JPS62142105A - Antifouling material - Google Patents

Abstract

PURPOSE:To obtain an antifouling material such as antifouling yarn, film, etc., having excellent antifouling property, nontoxicity and strength and capable of preventing the adhesion of algae and shell over a long period, by kneading powdery metal selected from copper, zinc, tin and their alloys together with graphite in a thermoplastic synthetic resin. CONSTITUTION:Powdery metal such as copper, zinc, tin, etc., or various alloys of said metals is mixed with graphite and the mixture is kneaded in a thermoplastic synthetic resin to obtain the objective antifouling material such as monofilament, joint yarn, twisted yarn, cord, net, film etc., free from toxicity to fish and capable of keeping the antifouling effect over a long period. The water-absorption of said resin is improved by the water-absorption of graphite to facilitate the dissolution of said metal powder preventing the sealing of the powder in the resin. The adhesion of the above aquatic life can be prevented by the effect of metallic ion generated from the dissolved metal powder.

Description

DETAILED DESCRIPTION OF THE INVENTION <Industrial Application Field> The present invention relates to antifouling materials such as antifouling threads and films that are 1T5 resistant, nontoxic, and strong.

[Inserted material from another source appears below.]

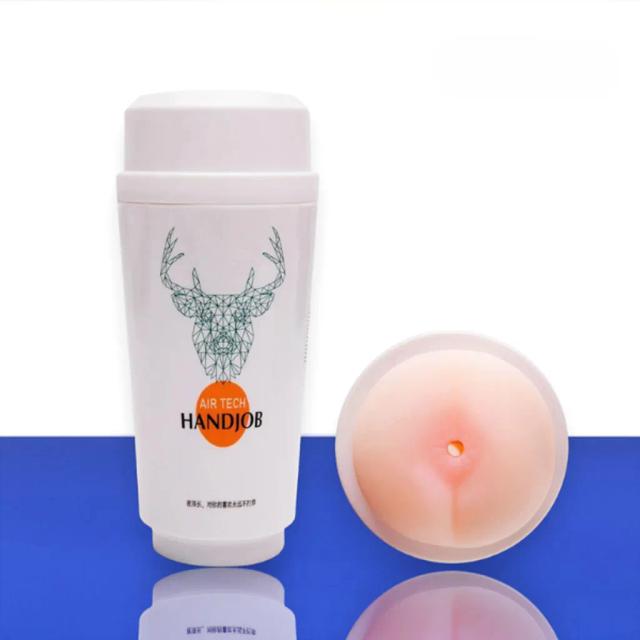 Cốc thủ dâm hậu môn Handjob nguỵ trang trà sữa độc đáo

More specifically, the present invention relates to novel antifouling threads and films that are nontoxic to fish and can maintain antifouling properties for a long period of time.

<Prior art> Fish culture nets and fixed nets, which have become popular in recent years, require the fishing nets to be immersed in seawater for a long period of time.
Aquatic organisms such as Fujitbo attach to fishing nets and the ropes that make them, blocking the steel mesh, resulting in insufficient seawater movement, which adversely affects the survival of fish due to lack of oxygen, or reduces the durability of the ropes. decreases.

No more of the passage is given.